▶ [DATA LISTING]
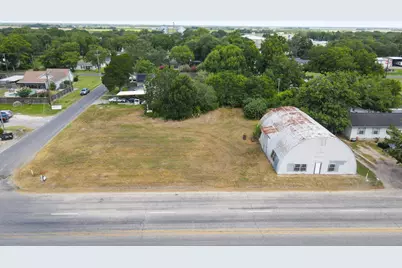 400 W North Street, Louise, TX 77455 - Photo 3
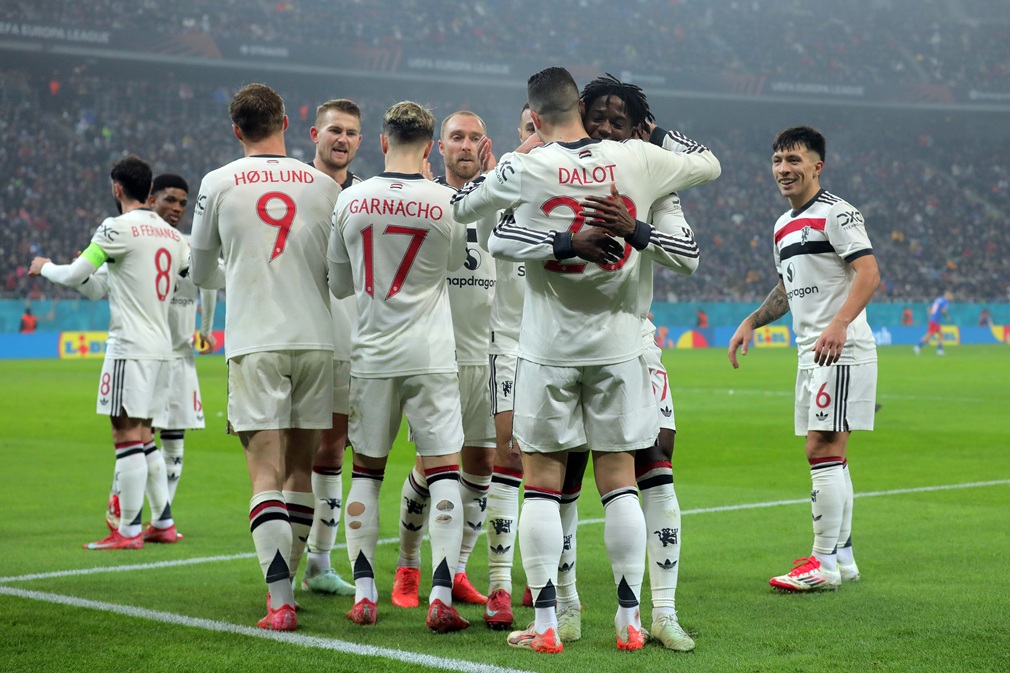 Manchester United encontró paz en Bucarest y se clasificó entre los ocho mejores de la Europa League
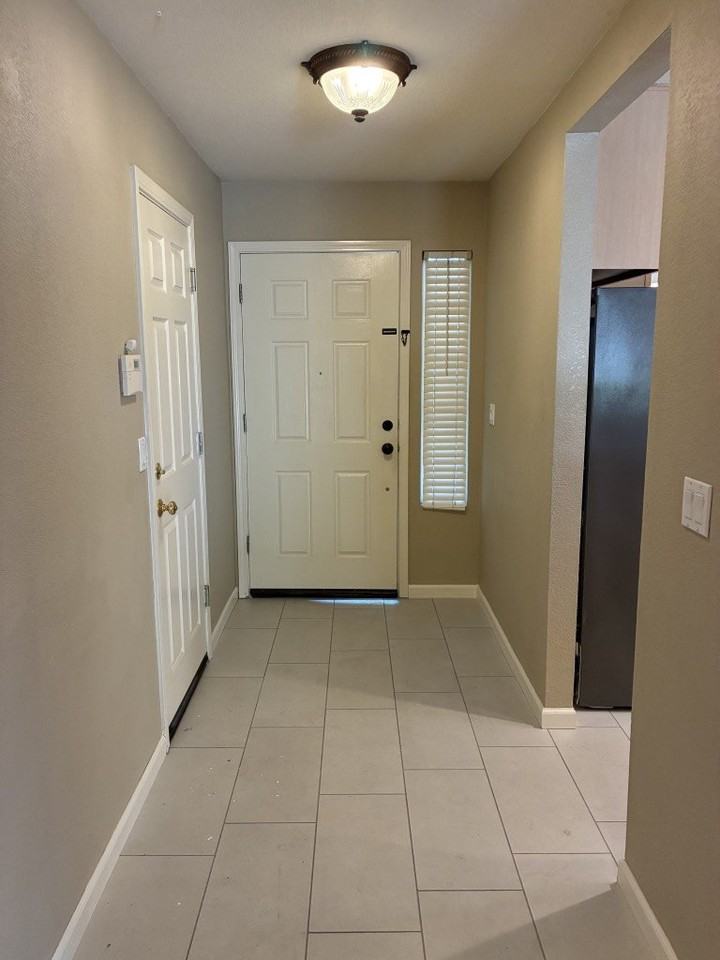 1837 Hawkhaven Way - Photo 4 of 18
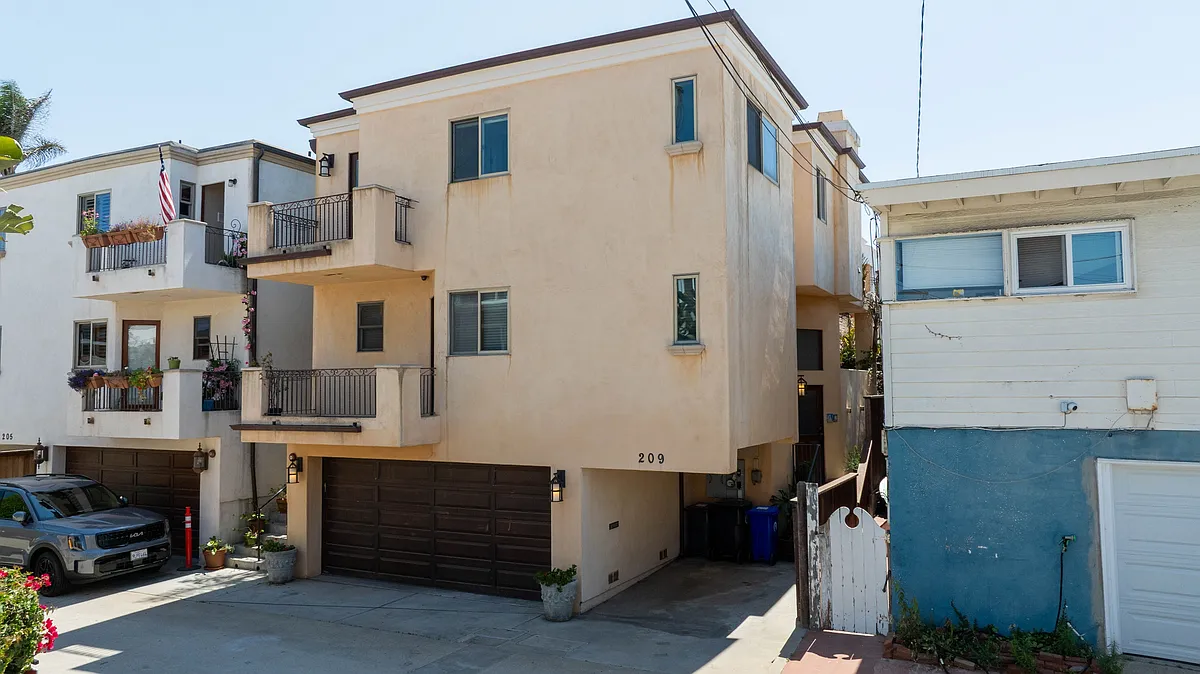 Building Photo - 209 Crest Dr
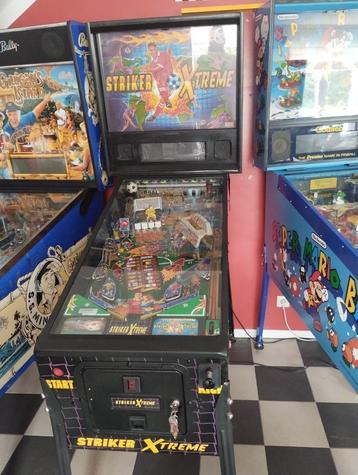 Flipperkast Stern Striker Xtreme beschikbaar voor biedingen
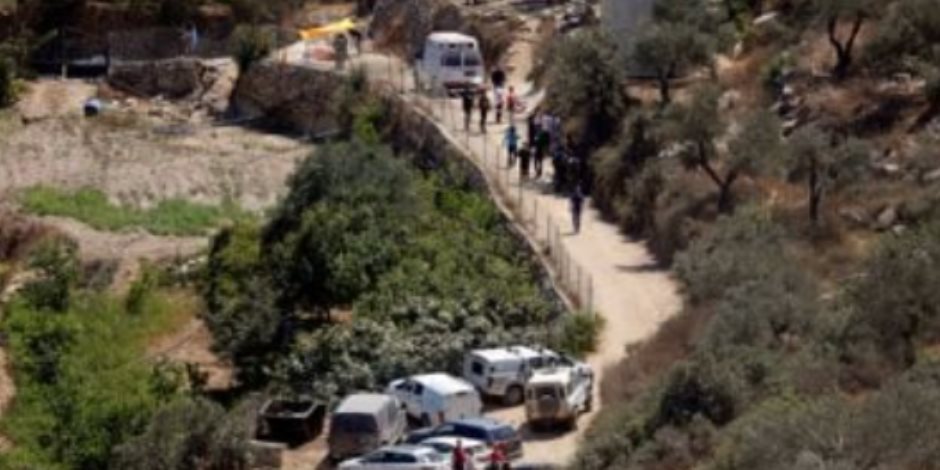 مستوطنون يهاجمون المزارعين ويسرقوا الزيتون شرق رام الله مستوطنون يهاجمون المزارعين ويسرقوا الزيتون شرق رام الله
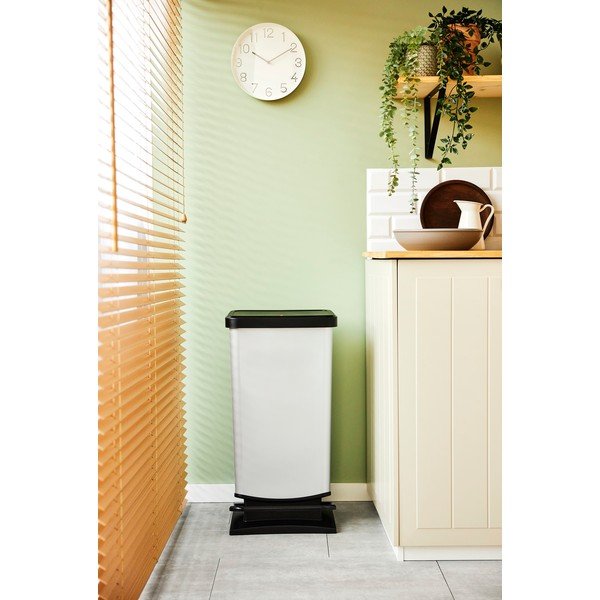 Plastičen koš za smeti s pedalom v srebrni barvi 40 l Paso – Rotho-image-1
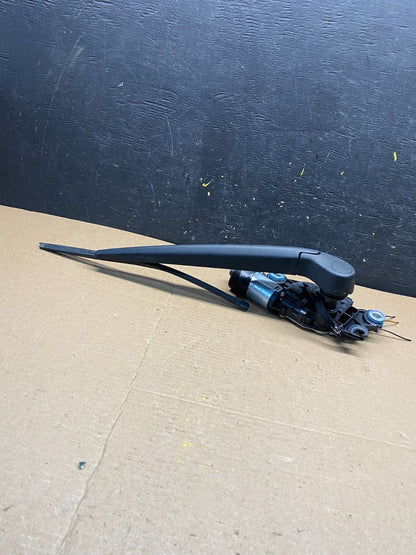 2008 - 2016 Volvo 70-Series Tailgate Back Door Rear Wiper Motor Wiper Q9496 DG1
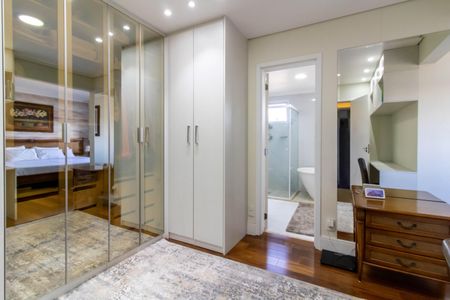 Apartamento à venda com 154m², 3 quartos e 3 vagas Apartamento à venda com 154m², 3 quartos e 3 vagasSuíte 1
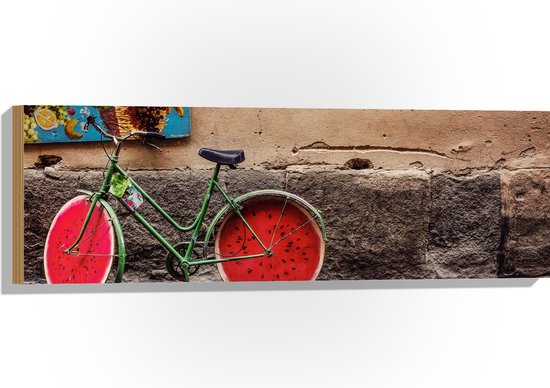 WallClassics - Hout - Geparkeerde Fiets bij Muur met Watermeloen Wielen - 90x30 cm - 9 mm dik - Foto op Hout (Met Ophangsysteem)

▶ [WHAT THE TASK ASKS]
Exactly the lines starting at the one above with "Plastičen koš za" and ending at the one with "Apartamento à venda com 154m², 3 quartos e 3 vagas Apartamento" should be printed, and nothing else. Omit the pictures.

▶ [PROBLEM SOLUTION]
 Plastičen koš za smeti s pedalom v srebrni barvi 40 l Paso – Rotho-image-1
 2008 - 2016 Volvo 70-Series Tailgate Back Door Rear Wiper Motor Wiper Q9496 DG1
 Apartamento à venda com 154m², 3 quartos e 3 vagas Apartamento à venda com 154m², 3 quartos e 3 vagasSuíte 1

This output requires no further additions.